▶ EXERCISE GOAL: Repeat every record word for word and omit the images.

▶ SOURCE DATA:
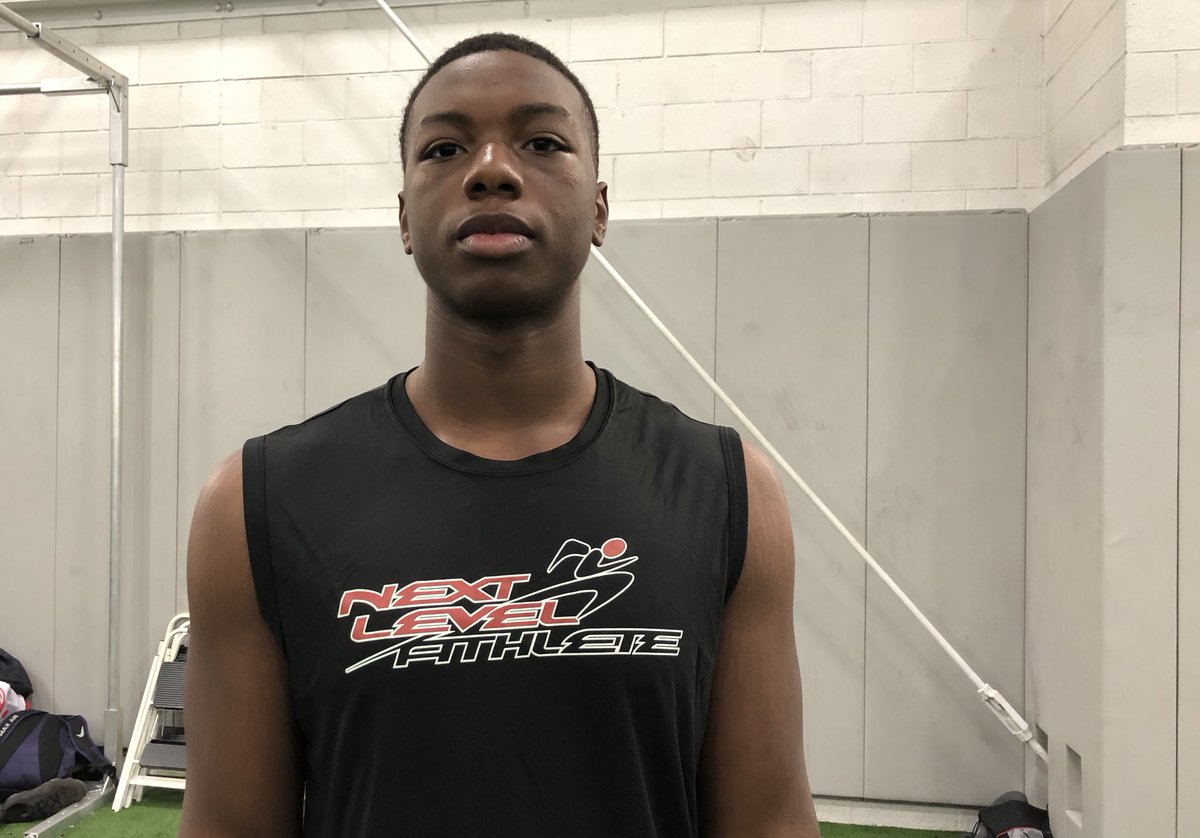 proud to be named session 1 Camp MVP!!  
<a href="/NextLevelD1/">Next Level Athlete</a> <a href="/GPowersScout/">Greg Powers 🏟️</a> <a href="/BenjaminGolan/">Ben Golan</a> <a href="/Jason_Howell/">Jason Howell</a> <a href="/rohawksfootball/">Red Oak Hawks Football</a> @RivalsCole <a href="/Perroni247/">Brian Perroni</a>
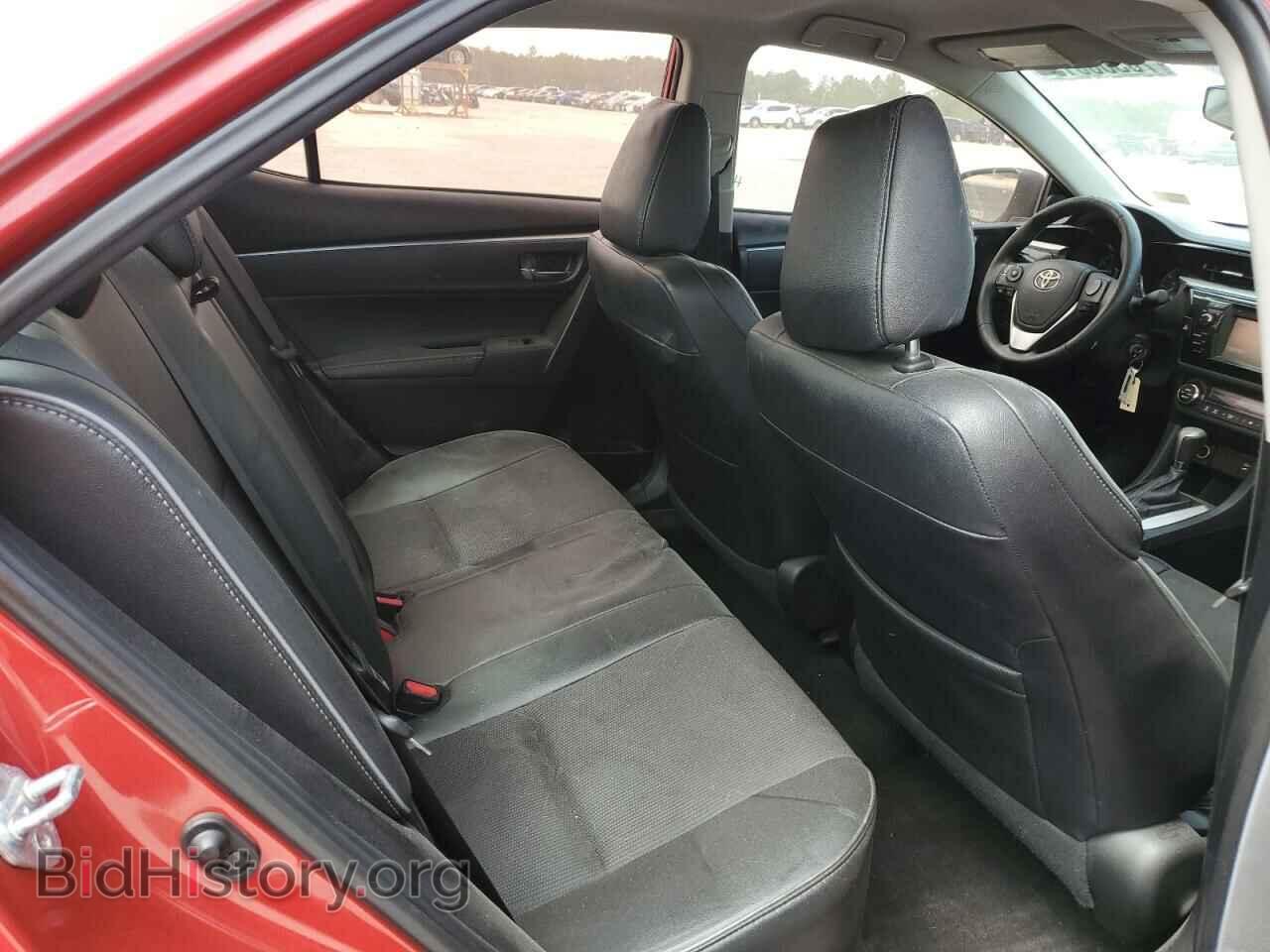 2015 TOYOTA COROLLA - VIN: 2T1BURHEXFC394896 - Фото 10
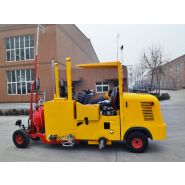 Ac-mtsc-i/ii - machine de marquage routier - ace - poids 2260 kg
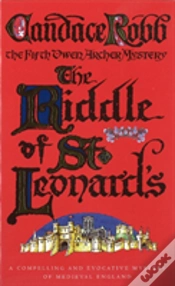Capa do artigo The Riddle Of St Leonard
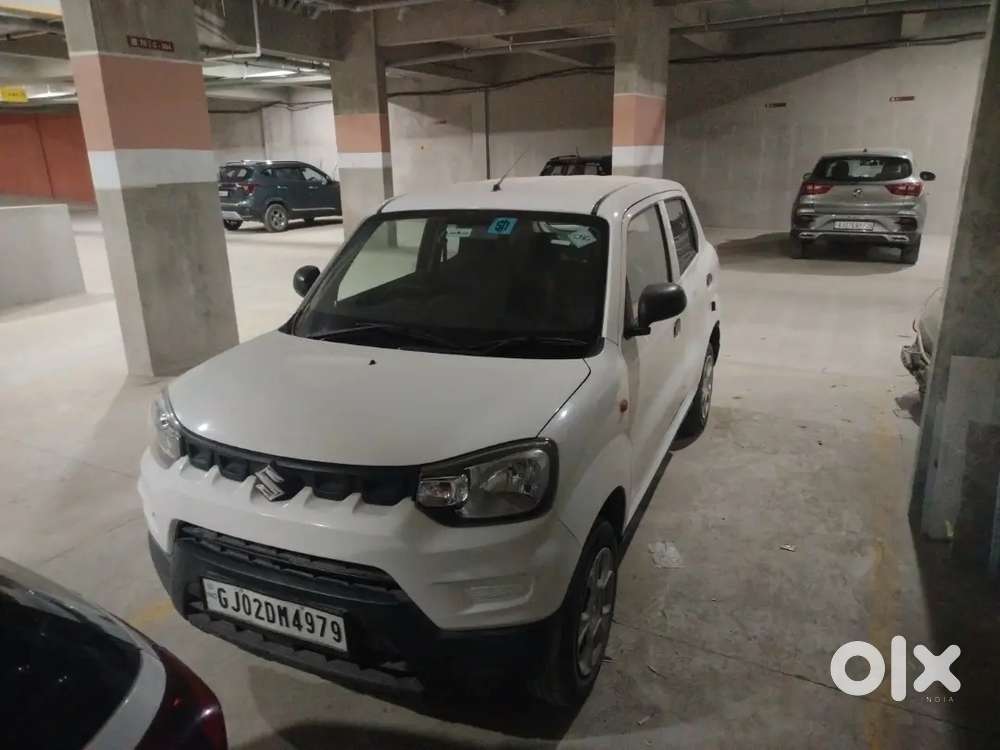 Maruti Suzuki S-presso 2022 Cng & Hybrids 34000 Km Driven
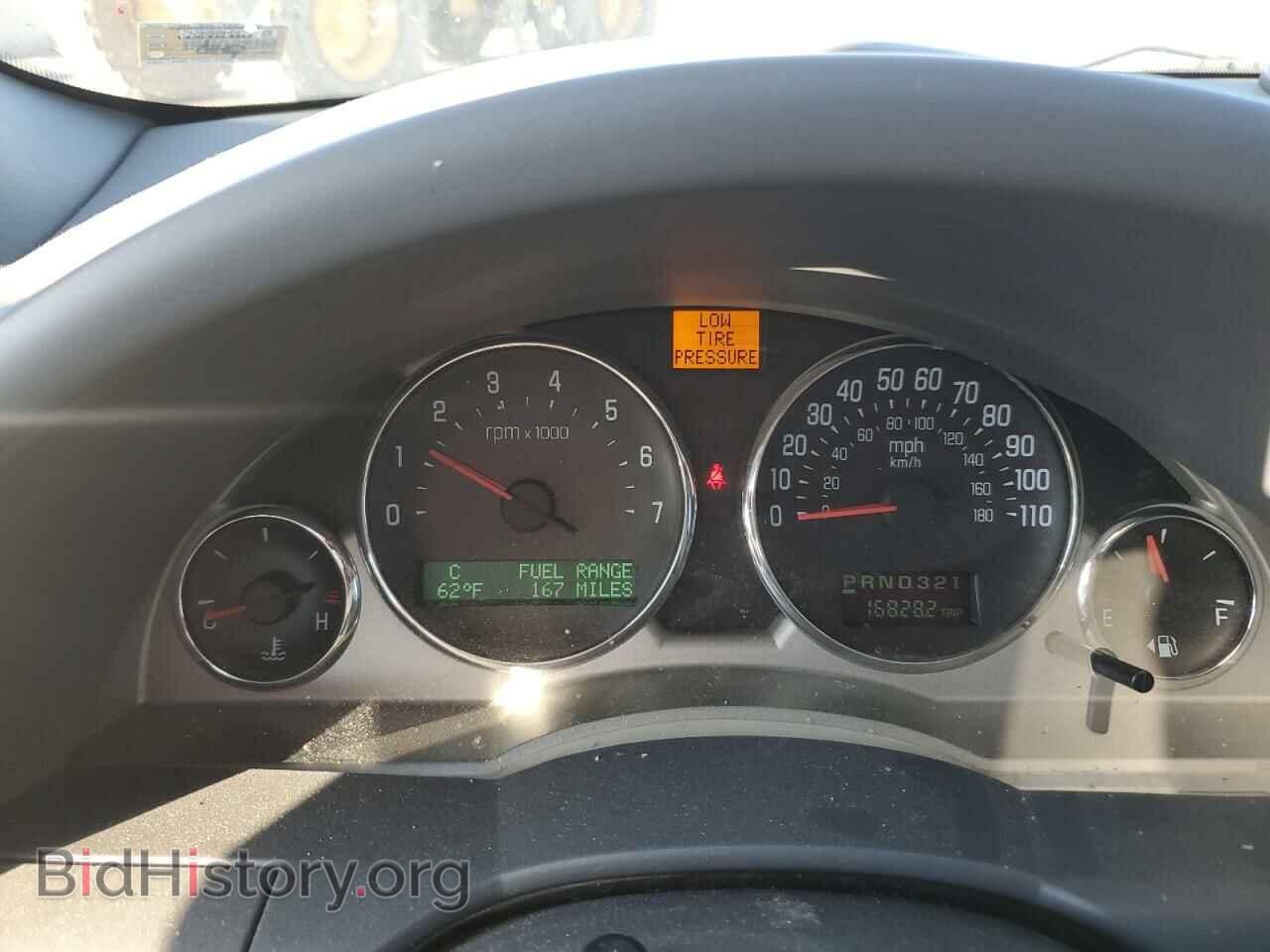 2007 BUICK RENDEZVOUS - VIN: 3G5DA03L27S518027 - Фото 9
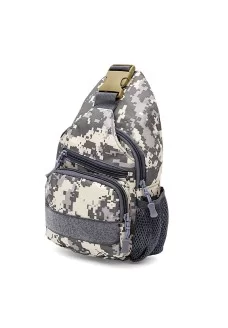 Рюкзак тканевый JZ SB-JZC1HSSA0708gr-grey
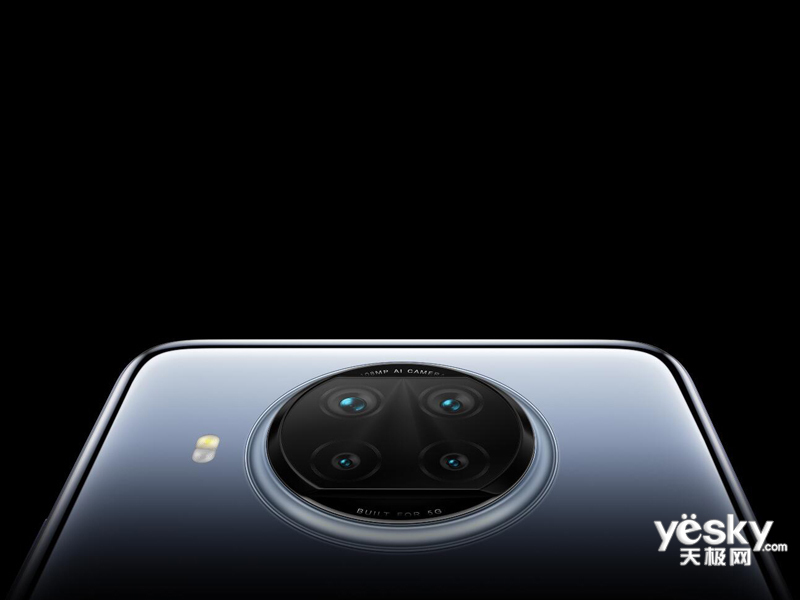 小米红米note 9 pro(8gb/128gb/5g版)(4 / 14)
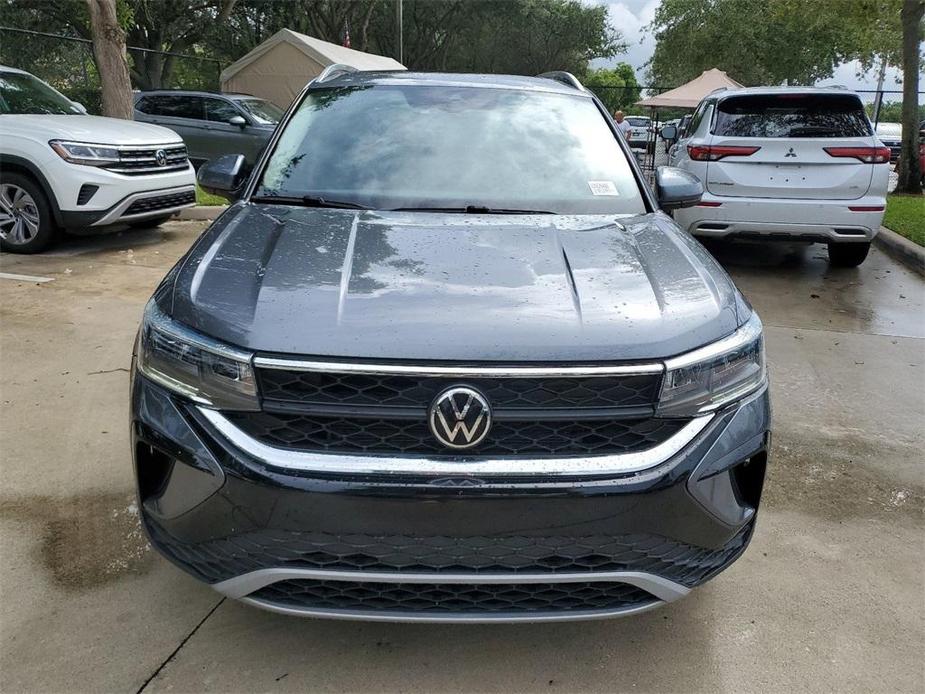 used 2022 Volkswagen Taos car, priced at $21,977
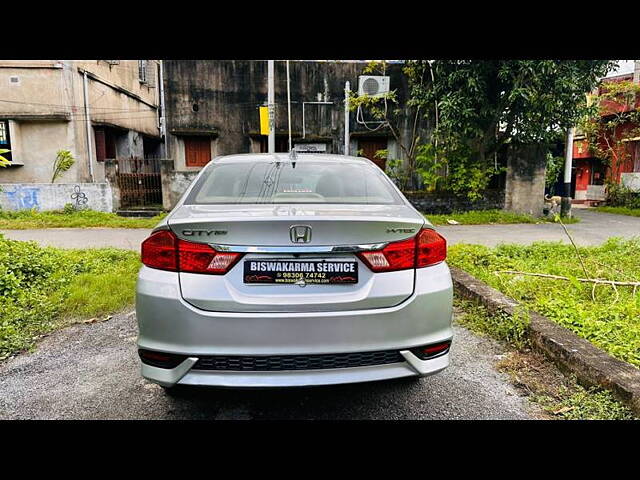 Used Honda City 4th Generation VX Petrol [2017-2019] in Howrah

▶ EXERCISE RESULT:
 proud to be named session 1 Camp MVP!!  
<a href="/NextLevelD1/">Next Level Athlete</a> <a href="/GPowersScout/">Greg Powers 🏟️</a> <a href="/BenjaminGolan/">Ben Golan</a> <a href="/Jason_Howell/">Jason Howell</a> <a href="/rohawksfootball/">Red Oak Hawks Football</a> @RivalsCole <a href="/Perroni247/">Brian Perroni</a>
 2015 TOYOTA COROLLA - VIN: 2T1BURHEXFC394896 - Фото 10
 Ac-mtsc-i/ii - machine de marquage routier - ace - poids 2260 kg
Capa do artigo The Riddle Of St Leonard
 Maruti Suzuki S-presso 2022 Cng & Hybrids 34000 Km Driven
 2007 BUICK RENDEZVOUS - VIN: 3G5DA03L27S518027 - Фото 9
 Рюкзак тканевый JZ SB-JZC1HSSA0708gr-grey
 小米红米note 9 pro(8gb/128gb/5g版)(4 / 14)
 used 2022 Volkswagen Taos car, priced at $21,977
 Used Honda City 4th Generation VX Petrol [2017-2019] in Howrah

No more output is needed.